1. Gerrit notifies the controller of a change in a git repo.

2. The controller tells the VCS worker to copy the repo to GitLab, by
   doing a "POST /repo" HTTP request.

3. The VCS worker git clones the repo from Gerrit. It may do a git
   pull instead to update an existing clone, but that's an
   optimisation, whiche we'll implement when it's needed. The git
   operation may require credentials (e.g., security embargoed
   repositories), which the vCS worker has: they're installed when the
   host is deployed. No other CI host has those credentials.

4. The VCS worker pushed the repository to GitLab. This may again
   require credentials. The push triggers GitLab CI to run the commit
   stage build and test command specified in `.gitlab-ci.yml`.

5. The VCS worker responds to the POST request from the controller
   with results.

6. GitLab tells the Runner host to run the build and test commands.
   The runner does that.

7. The Runner uploads any binaries it builds to the artifact store.

8. The Runner tells GitLab it's finished.

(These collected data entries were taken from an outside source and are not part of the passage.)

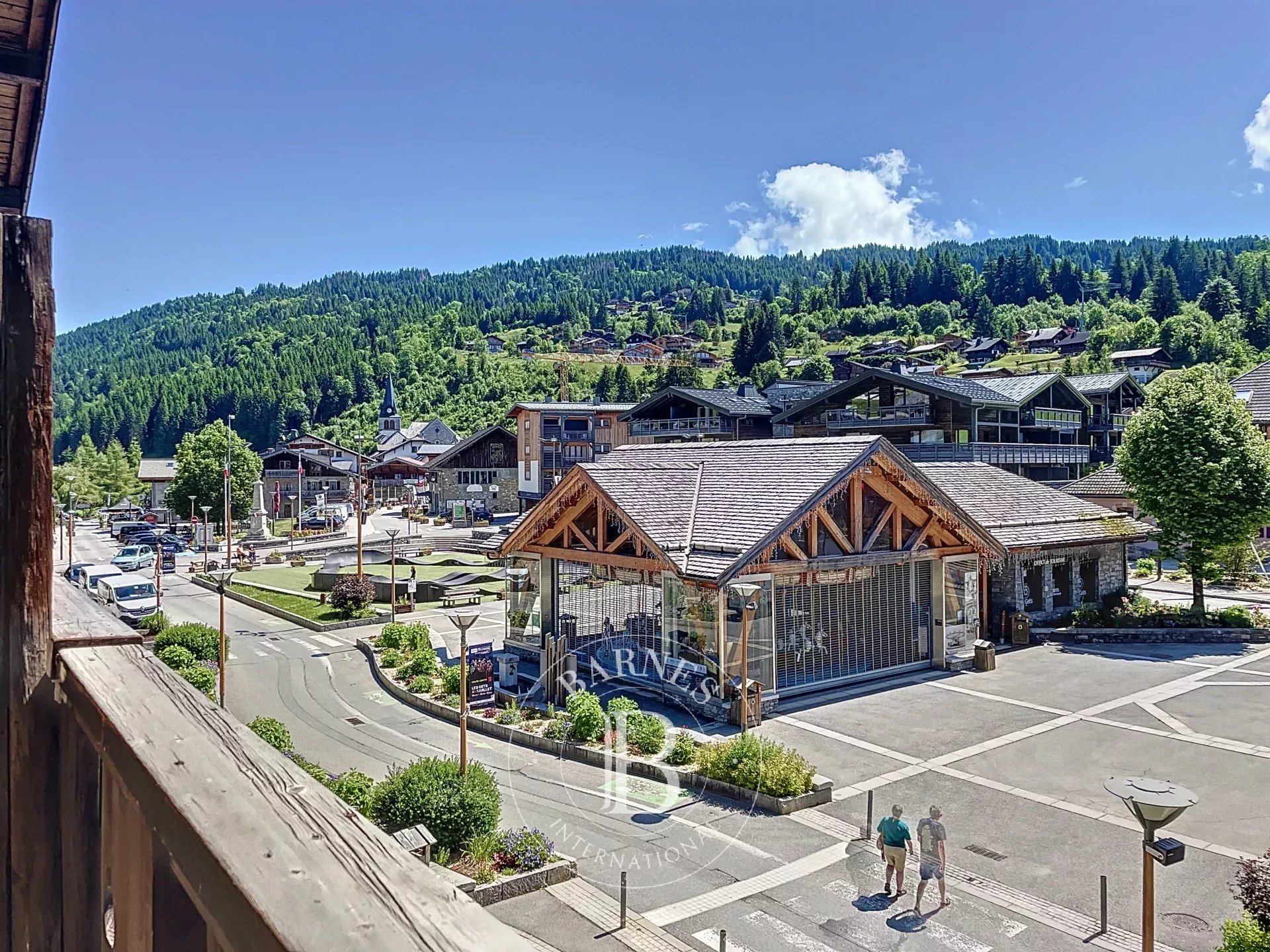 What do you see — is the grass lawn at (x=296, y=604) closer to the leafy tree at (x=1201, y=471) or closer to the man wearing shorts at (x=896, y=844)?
the man wearing shorts at (x=896, y=844)

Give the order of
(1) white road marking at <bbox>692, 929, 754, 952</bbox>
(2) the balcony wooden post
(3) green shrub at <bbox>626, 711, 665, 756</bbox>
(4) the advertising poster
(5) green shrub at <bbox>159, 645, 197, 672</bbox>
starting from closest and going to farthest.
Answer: (2) the balcony wooden post
(1) white road marking at <bbox>692, 929, 754, 952</bbox>
(3) green shrub at <bbox>626, 711, 665, 756</bbox>
(4) the advertising poster
(5) green shrub at <bbox>159, 645, 197, 672</bbox>

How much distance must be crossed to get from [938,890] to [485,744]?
9636 mm

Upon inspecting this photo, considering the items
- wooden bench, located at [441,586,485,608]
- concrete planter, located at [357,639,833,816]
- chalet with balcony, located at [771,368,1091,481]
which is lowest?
concrete planter, located at [357,639,833,816]

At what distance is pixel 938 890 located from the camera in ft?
37.8

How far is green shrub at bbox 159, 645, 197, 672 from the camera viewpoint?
2114 cm

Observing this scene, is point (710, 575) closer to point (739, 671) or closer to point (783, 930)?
point (739, 671)

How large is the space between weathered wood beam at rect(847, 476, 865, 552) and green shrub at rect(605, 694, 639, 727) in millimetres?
7268

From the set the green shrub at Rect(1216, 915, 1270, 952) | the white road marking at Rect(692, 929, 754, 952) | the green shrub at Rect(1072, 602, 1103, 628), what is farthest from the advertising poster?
the green shrub at Rect(1072, 602, 1103, 628)

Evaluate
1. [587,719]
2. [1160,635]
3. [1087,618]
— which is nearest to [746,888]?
[587,719]

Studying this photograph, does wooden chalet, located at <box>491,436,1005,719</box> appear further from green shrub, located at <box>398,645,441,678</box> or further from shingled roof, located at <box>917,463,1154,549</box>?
shingled roof, located at <box>917,463,1154,549</box>

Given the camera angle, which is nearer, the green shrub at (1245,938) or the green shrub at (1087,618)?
the green shrub at (1245,938)

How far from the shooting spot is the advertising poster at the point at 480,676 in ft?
64.5

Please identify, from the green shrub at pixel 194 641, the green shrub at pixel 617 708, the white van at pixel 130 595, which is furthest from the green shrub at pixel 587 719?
the white van at pixel 130 595

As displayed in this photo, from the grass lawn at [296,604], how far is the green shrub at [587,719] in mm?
17573
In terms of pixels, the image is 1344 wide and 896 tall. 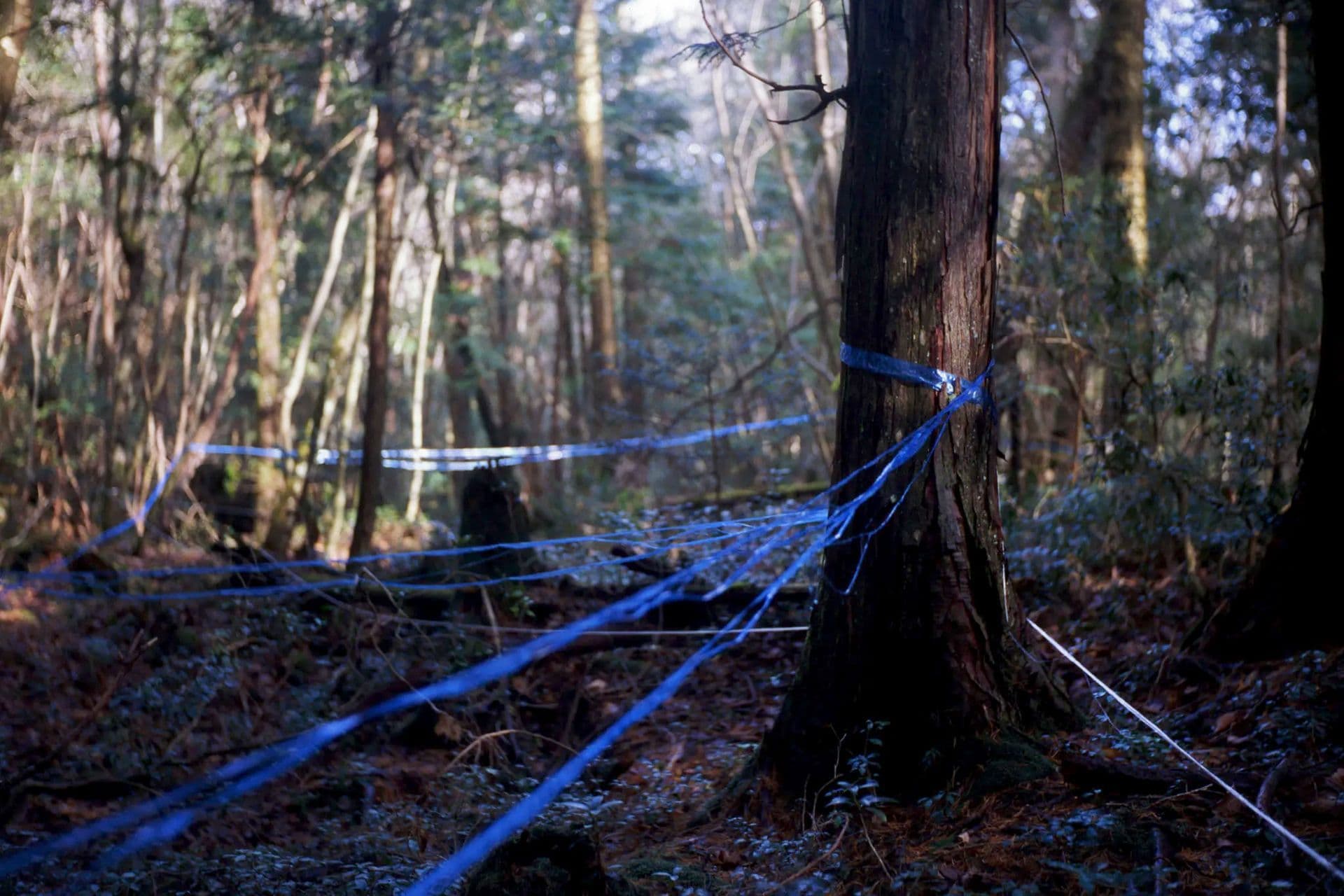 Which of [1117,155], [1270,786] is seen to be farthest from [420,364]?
[1270,786]

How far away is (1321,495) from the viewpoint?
15.8ft

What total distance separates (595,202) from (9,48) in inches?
405

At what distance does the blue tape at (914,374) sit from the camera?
4371 mm

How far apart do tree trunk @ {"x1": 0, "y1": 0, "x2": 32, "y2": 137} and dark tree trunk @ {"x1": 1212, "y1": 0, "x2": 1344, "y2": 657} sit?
719 centimetres

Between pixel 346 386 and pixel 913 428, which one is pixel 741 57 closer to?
pixel 913 428

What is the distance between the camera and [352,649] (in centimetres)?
667

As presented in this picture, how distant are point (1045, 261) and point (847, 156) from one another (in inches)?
164

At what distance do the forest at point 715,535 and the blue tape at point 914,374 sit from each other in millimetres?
15

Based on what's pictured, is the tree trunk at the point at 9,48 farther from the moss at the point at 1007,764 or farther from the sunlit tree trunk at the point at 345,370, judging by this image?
the moss at the point at 1007,764

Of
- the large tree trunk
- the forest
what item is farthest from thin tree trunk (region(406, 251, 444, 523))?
the large tree trunk

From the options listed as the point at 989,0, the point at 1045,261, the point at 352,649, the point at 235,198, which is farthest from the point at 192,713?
the point at 235,198

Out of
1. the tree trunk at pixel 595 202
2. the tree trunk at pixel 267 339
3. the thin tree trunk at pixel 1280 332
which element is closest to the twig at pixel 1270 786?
the thin tree trunk at pixel 1280 332

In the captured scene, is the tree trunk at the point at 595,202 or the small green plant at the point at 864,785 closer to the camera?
the small green plant at the point at 864,785

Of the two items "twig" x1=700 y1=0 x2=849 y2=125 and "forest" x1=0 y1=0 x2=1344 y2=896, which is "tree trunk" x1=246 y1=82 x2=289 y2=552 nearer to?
"forest" x1=0 y1=0 x2=1344 y2=896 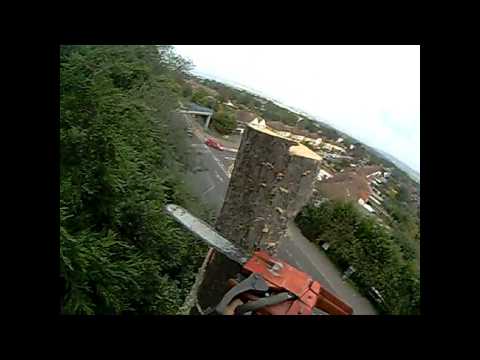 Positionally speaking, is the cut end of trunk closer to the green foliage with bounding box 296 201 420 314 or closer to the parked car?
the green foliage with bounding box 296 201 420 314

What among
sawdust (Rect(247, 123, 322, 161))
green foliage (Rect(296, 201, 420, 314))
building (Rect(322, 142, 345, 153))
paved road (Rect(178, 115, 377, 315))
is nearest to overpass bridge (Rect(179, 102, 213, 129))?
paved road (Rect(178, 115, 377, 315))

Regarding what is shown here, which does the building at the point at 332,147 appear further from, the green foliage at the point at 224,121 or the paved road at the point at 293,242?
the green foliage at the point at 224,121

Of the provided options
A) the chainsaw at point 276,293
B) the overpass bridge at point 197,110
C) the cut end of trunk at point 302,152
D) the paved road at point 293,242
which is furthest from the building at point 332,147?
the overpass bridge at point 197,110

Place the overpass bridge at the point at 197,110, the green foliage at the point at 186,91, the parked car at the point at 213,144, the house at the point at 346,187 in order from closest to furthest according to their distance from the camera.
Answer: the house at the point at 346,187 < the parked car at the point at 213,144 < the overpass bridge at the point at 197,110 < the green foliage at the point at 186,91

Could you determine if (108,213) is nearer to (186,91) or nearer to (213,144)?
(213,144)

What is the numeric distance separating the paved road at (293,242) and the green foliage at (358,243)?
0.42 ft

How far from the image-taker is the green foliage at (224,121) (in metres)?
2.73

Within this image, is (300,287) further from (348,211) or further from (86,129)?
(348,211)

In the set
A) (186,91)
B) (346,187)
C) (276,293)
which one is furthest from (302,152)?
(186,91)

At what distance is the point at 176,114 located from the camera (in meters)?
3.55

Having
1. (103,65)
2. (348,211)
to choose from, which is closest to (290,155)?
(103,65)

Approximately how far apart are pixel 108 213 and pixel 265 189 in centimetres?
70

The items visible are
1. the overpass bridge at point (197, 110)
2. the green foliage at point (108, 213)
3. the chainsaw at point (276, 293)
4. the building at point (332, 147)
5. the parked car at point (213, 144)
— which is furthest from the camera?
the overpass bridge at point (197, 110)

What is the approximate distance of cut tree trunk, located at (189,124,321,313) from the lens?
59.6 inches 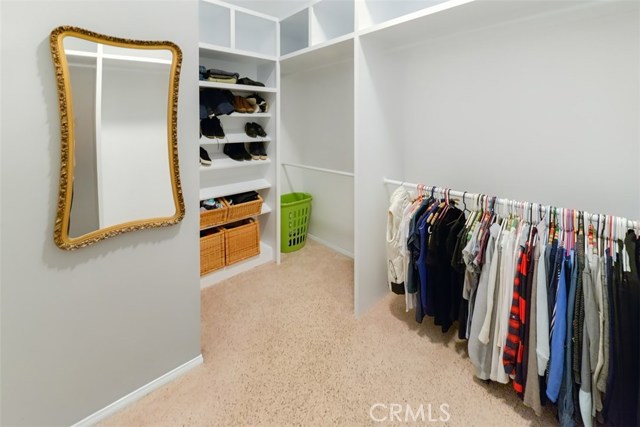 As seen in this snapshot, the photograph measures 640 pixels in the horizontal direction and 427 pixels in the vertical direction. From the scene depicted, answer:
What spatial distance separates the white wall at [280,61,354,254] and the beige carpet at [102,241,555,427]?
110 cm

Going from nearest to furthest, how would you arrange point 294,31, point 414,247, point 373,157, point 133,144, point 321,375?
1. point 133,144
2. point 321,375
3. point 414,247
4. point 373,157
5. point 294,31

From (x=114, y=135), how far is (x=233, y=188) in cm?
148

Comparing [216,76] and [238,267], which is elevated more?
[216,76]

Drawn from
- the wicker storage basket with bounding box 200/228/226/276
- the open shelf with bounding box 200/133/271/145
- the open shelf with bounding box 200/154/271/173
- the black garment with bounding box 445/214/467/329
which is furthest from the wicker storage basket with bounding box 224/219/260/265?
the black garment with bounding box 445/214/467/329

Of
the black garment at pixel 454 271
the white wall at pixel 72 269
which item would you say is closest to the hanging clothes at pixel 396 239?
the black garment at pixel 454 271

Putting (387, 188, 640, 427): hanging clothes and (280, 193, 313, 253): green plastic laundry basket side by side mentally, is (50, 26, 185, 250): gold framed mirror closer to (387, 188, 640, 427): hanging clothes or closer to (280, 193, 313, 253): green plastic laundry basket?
(387, 188, 640, 427): hanging clothes

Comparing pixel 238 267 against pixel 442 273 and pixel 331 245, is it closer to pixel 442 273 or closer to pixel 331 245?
pixel 331 245

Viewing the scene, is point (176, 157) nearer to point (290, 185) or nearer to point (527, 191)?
point (527, 191)

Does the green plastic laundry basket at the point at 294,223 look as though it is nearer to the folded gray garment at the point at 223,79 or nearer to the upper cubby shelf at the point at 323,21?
the folded gray garment at the point at 223,79

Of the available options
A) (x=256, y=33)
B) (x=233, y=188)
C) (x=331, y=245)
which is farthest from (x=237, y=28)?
(x=331, y=245)

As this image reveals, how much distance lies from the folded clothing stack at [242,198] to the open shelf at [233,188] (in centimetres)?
6

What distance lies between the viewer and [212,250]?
2.72 m

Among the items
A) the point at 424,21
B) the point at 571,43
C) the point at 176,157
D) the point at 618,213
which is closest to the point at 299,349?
the point at 176,157

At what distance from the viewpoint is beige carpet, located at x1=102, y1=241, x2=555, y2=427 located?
154cm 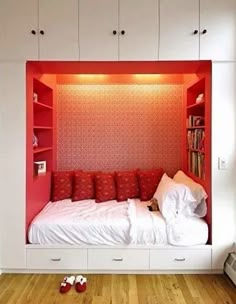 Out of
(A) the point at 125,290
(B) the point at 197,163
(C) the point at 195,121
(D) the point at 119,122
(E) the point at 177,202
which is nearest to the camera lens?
(A) the point at 125,290

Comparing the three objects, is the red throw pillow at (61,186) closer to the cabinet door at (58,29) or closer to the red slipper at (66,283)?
the red slipper at (66,283)

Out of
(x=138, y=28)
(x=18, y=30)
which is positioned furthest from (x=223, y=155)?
(x=18, y=30)

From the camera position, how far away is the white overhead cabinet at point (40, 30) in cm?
314

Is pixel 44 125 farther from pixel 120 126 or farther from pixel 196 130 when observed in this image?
pixel 196 130

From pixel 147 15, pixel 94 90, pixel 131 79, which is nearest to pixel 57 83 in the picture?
pixel 94 90

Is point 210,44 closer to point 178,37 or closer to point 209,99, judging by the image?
point 178,37

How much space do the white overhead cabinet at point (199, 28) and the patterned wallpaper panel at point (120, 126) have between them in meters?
1.23

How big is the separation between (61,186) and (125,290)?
162cm

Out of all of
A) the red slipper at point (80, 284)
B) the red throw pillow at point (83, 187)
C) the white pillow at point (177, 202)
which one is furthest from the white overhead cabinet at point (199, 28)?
the red slipper at point (80, 284)

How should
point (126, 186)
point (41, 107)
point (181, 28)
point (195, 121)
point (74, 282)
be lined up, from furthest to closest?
1. point (126, 186)
2. point (41, 107)
3. point (195, 121)
4. point (181, 28)
5. point (74, 282)

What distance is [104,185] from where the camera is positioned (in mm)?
4039

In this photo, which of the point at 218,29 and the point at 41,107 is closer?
the point at 218,29

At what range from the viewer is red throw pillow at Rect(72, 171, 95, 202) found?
13.3ft

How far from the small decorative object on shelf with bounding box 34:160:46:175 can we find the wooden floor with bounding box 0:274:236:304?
3.68 ft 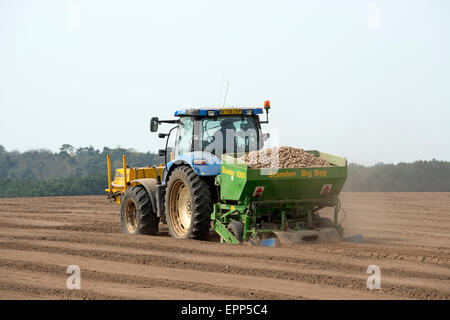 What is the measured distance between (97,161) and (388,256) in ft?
139

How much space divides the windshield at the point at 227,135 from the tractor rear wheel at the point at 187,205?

9. GitLab tells the controller via a webhook that a build has
   finished.

0. The controller tells the deployer to start a deployment, via a
   "POST /deploy" HTTP API call.

0. The deployer fetches the artifacts it has been told to deploy
   from the artifact store.

0. The deployer copyies the artifacts to the test environment. (In a
   future iteration this will be a more sophisticated deployment
   process.)

0. The deployer responds to the HTTP request from the controller with
   the results.

0. The controller notifies Gerrit of a build and deployment having
   been finished. (Except not in the first iteration.)